Glucose is the main source of energy and carbon in most organisms, from bacteria to humans. Changes in glucose uptake, release, and metabolism are associated with regulation of various physiological and pathological phenomena, such as cell growth, cell proliferation, cell differentiation, cell death, insulin secretion, obesity, and diabetes.^1–3 Therefore, sensitive and selective measurement of glucose has become significant. Radiolabeling, chromatography, and mass spectrometry have been used effectively to quantify glucose.⁴ However, these methods have limited spatiotemporal resolution and are unsuitable for real-time imaging of glucose metabolism in living cells.

To monitor glucose in situ, fluorescence resonance energy transfer (FRET)-based glucose biosensors with different affinity have been developed and proven to be useful for imaging glucose flux in living cells.^5–10 These sensors are based on enhanced cyan fluorescent protein/enhanced yellow fluorescent protein FRET pair and glucose/galactose-binding protein (GGBP) of Escherichia coli. GGBP is a bacterial periplasmic-binding protein that exhibits a hinge-twist conformational change upon glucose binding.^11–13 Unfortunately, the fluorescence changes of these FRET sensors are small, which fall into 10–70%,^5–10 and this limits their applications in high-throughput screen and monitoring subtle metabolic changes.

Recently, we have reported a series of metabolite sensors, including NADH (Frex),¹⁴ NAD+/NADH ratio (SoNar),^15,16 NADPH (iNap)¹⁷ and histidine (FHisJ)¹⁸ based on circularly permuted yellow fluorescent protein (cpYFP). In cpYFP, the original N- and C-termini are fused by a polypeptide linker, and new termini are introduced close to the fluorophore, making its fluorescence highly sensitive to the protein's conformation.^14–18 Compared with FRET-based sensors, cpYFP-based sensors often have larger fluorescence changes; in specific, Frex,¹⁴ SoNar,^15,16 iNap¹⁷ and FHisJ¹⁸ sensors have more than 500% dynamic range, rendering them capable of tracking subtle metabolic changes.
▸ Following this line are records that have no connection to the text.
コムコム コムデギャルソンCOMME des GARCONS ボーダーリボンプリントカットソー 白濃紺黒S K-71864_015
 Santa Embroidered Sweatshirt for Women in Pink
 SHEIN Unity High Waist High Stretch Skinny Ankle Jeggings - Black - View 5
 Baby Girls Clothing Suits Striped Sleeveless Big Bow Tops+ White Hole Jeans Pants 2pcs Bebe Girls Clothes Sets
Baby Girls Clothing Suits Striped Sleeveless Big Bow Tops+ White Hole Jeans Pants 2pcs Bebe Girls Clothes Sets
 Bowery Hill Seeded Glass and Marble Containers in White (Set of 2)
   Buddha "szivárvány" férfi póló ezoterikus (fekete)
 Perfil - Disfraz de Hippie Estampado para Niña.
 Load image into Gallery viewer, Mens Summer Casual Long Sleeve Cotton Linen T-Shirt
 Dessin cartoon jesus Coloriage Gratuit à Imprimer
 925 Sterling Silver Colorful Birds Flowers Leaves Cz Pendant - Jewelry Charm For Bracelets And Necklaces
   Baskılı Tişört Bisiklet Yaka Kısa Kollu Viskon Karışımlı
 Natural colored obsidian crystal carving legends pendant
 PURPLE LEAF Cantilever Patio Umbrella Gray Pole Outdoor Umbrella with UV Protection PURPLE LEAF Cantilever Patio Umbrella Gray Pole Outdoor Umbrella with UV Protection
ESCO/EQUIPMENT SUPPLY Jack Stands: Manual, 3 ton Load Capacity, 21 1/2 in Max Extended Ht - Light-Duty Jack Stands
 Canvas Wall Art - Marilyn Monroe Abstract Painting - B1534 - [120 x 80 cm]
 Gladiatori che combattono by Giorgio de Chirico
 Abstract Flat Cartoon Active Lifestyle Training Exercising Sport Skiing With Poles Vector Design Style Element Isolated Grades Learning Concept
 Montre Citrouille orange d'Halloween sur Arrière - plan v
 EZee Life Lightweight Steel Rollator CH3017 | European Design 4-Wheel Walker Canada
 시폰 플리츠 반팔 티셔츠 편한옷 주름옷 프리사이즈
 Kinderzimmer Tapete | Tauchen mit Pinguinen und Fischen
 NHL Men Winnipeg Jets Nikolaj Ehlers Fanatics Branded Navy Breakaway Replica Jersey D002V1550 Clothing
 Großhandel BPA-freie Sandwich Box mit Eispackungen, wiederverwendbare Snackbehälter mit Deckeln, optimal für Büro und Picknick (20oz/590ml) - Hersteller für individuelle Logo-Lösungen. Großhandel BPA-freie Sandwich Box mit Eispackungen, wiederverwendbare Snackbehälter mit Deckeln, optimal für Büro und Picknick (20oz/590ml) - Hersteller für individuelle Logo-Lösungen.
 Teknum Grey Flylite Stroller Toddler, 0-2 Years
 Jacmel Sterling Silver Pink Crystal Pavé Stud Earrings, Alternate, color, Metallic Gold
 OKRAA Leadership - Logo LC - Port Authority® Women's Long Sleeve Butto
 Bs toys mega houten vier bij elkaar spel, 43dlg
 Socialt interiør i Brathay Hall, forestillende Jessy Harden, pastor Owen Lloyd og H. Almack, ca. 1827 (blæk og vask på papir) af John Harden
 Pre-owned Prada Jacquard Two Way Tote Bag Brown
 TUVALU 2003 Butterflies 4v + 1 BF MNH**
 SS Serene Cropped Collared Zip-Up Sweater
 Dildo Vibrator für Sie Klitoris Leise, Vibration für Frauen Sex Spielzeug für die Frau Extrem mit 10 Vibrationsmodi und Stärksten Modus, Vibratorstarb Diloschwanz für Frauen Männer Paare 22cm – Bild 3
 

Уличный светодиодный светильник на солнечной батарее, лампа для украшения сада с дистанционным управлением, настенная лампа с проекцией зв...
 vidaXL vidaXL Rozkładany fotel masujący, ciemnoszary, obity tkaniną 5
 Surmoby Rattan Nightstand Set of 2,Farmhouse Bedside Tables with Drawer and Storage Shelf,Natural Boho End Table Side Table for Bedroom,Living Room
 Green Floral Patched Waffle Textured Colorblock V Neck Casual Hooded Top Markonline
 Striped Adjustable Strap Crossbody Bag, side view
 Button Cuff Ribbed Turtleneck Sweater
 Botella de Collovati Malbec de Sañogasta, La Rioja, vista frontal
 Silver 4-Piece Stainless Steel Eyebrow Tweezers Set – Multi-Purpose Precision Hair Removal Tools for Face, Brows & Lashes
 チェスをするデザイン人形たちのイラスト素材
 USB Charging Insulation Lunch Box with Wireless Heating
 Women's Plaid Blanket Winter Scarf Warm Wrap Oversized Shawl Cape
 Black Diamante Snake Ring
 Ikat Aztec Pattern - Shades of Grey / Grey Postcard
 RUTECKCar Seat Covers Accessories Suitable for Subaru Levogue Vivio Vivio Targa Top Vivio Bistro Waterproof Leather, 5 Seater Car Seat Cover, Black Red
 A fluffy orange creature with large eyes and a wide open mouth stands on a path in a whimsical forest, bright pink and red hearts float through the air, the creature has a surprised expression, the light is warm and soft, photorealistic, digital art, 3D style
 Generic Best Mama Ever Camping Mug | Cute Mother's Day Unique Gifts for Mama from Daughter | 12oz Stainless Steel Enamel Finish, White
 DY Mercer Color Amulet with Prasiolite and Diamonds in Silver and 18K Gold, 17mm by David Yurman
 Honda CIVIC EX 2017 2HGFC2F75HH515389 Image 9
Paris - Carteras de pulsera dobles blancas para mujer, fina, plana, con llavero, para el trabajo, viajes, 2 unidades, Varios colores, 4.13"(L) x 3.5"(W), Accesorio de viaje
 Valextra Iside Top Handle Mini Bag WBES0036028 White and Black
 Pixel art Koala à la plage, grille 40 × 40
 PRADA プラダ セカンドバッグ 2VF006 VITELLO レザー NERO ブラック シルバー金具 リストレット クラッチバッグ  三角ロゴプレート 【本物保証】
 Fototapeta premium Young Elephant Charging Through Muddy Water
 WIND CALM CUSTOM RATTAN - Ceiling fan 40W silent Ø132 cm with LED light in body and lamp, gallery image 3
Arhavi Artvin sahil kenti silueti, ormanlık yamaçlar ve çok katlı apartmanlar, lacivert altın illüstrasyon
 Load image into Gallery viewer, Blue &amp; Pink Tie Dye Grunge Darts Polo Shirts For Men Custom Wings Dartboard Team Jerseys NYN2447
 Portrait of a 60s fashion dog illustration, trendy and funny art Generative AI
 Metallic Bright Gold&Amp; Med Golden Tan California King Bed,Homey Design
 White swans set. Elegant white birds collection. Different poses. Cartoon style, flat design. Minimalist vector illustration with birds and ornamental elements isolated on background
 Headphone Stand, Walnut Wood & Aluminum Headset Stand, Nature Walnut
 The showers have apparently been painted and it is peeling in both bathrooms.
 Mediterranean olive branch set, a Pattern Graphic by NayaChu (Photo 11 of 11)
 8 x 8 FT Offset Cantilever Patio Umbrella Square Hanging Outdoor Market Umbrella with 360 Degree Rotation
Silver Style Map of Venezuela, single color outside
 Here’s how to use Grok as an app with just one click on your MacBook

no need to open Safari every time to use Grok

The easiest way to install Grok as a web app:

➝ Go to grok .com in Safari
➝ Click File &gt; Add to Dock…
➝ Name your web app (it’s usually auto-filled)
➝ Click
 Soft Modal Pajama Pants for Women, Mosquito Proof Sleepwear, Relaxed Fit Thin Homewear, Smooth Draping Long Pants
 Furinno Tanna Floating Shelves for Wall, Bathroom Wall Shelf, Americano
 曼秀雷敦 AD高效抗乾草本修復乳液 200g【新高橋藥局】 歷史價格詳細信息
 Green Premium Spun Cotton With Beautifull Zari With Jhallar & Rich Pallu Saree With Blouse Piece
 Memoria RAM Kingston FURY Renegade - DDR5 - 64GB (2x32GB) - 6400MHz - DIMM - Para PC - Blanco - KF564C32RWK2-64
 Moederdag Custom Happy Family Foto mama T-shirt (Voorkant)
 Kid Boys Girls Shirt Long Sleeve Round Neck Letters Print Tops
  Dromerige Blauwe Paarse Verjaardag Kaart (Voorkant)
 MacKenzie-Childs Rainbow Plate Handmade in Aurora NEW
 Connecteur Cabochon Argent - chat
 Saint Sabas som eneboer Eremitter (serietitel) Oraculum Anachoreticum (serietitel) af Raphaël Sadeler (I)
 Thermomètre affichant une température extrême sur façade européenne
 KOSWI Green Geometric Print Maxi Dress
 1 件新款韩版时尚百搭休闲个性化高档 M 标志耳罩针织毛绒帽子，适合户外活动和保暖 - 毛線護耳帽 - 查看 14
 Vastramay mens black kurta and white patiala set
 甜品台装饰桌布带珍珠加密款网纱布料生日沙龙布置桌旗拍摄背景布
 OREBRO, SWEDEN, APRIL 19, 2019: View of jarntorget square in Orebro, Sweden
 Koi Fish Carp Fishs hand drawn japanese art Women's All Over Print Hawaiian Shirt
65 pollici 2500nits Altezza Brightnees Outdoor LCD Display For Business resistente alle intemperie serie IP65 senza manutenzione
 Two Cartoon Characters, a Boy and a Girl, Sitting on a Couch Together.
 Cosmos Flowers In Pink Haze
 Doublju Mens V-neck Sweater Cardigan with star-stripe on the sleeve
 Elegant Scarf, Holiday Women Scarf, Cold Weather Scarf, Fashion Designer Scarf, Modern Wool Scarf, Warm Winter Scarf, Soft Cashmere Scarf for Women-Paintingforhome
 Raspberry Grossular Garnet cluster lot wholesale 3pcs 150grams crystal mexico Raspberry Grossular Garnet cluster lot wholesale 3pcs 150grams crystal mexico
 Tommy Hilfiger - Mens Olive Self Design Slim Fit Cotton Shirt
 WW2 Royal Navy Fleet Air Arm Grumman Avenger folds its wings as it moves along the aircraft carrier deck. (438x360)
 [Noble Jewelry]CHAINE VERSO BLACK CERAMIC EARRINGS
To maximize the existing technical advantages, we inserted cpYFP into three linker locations of GGBP and developed a series of ratiometric, highly responsive, single fluorescent protein-based glucose sensors, denoted as FGBP (fluorescent GGBP). Among them, FGBP_{1 mM} sensor with a binding constant (K_d) of 1.0 mM exhibited sevenfold fluorescence ratio changes and fit physiological applications.

2. Experimental

2.1 Plasmid construction and strains

To generate single fluorescent protein-based glucose indicators, the MglB DNA sequence coding for the mature GGBP (positions 70–927 relative to ATG) was amplified from E. coli genomic DNA by PCR with the primers P1 and P2 (sequences available in Table S1†) and cloned into BamHI-HindIII sites in the pRSETb vector (Invitrogen). The GGBP–cpYFP insertion variants were constructed by overlap PCR¹⁹ using wild-type GGBP sequence and cpYFP from Frex.¹⁴ First, the coding sequences of N and C terminal domain of GGBP, and cpYFP were amplified using the primers P1 and PR, PF and P2, and P3 and P4, respectively (sequences available in Table S1†). Second, the chimeric construct consisting of GGBP and cpYFP was produced using an overlapping PCR with the primers P1 and P2. This product was cloned into the BamHI/HindIII sites of pRSETb (Invitrogen), yielding pRSETb-FGBP (GGBP and cpYFP chimeras) (Fig. S1A and S1B†). We truncated the N and C terminal amino acid residue of cpYFP to expand the dynamic range of FGBP by PCR (Fig. S1C†). To improve the affinity of the sensors, sited directed mutagenesis of FGBP_{27 μM} was generated by PCR (Fig. S1D†). The electrophoresis data showed the protein size of different sensors (Fig. S1E†).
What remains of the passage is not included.